My fear of flying hasn’t gone away with exposure, nor the fact that I’ve now survived dozens of flights. After returning from my most recent trip, I conducted an informal survey of my friends’ attitudes about flying. I was surprised to learn that my rosary-clutching style was more common than I thought. One friend admitted that she needs Valium to get through flights. Another said that she doesn’t mind flying, but that she “prays like crazy during take-off and landing.” And over beers, a third admitted, “I’ve finally gotten to the point where I don’t have to pray the rosary when I fly anymore.”
This makes me wonder how many rosary beads flight attendants see in the course of their work.

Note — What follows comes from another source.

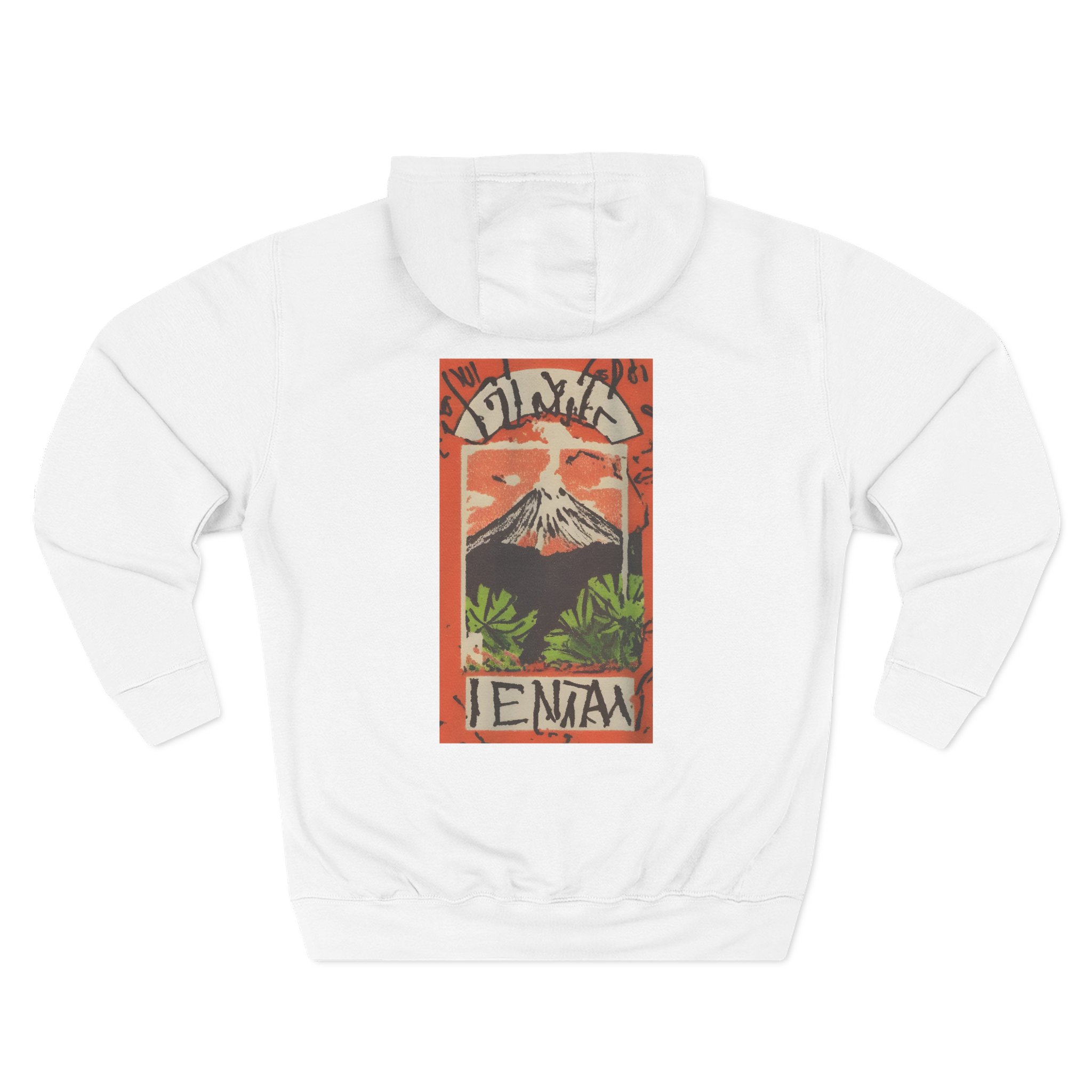 Jungle Volcano Art Three-Panel Fleece Hoodie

I write this on the eve of Thanksgiving, and one of the things I will always be grateful for in my faith tradition is the dozens of prayers I’ve learned by rote so that my mind and my heart have something to say when panic creeps in. And I feel grateful for all the places I was able to see, the opportunities I was able to take, and the alcohol and valium I was able to avoid because the rosary was my faithful travel companion.
The pastor at my church grew up in the Baptist tradition, and she used to feel dismissive of faith adherents who used memorized prayers, who didn’t pray “from the heart” or “as the spirit moved them.” When she made a comment along these lines to her Episcopalian grandmother, her grandmother responded, “These words are like a window, and when I look through them, I can see God.”
Perhaps this is the secret behind all those rosaries on airplanes—that they give us a glimpse of something beautiful and familiar and safe, at a time when it feels as though we’ve left all that 30,000 feet below.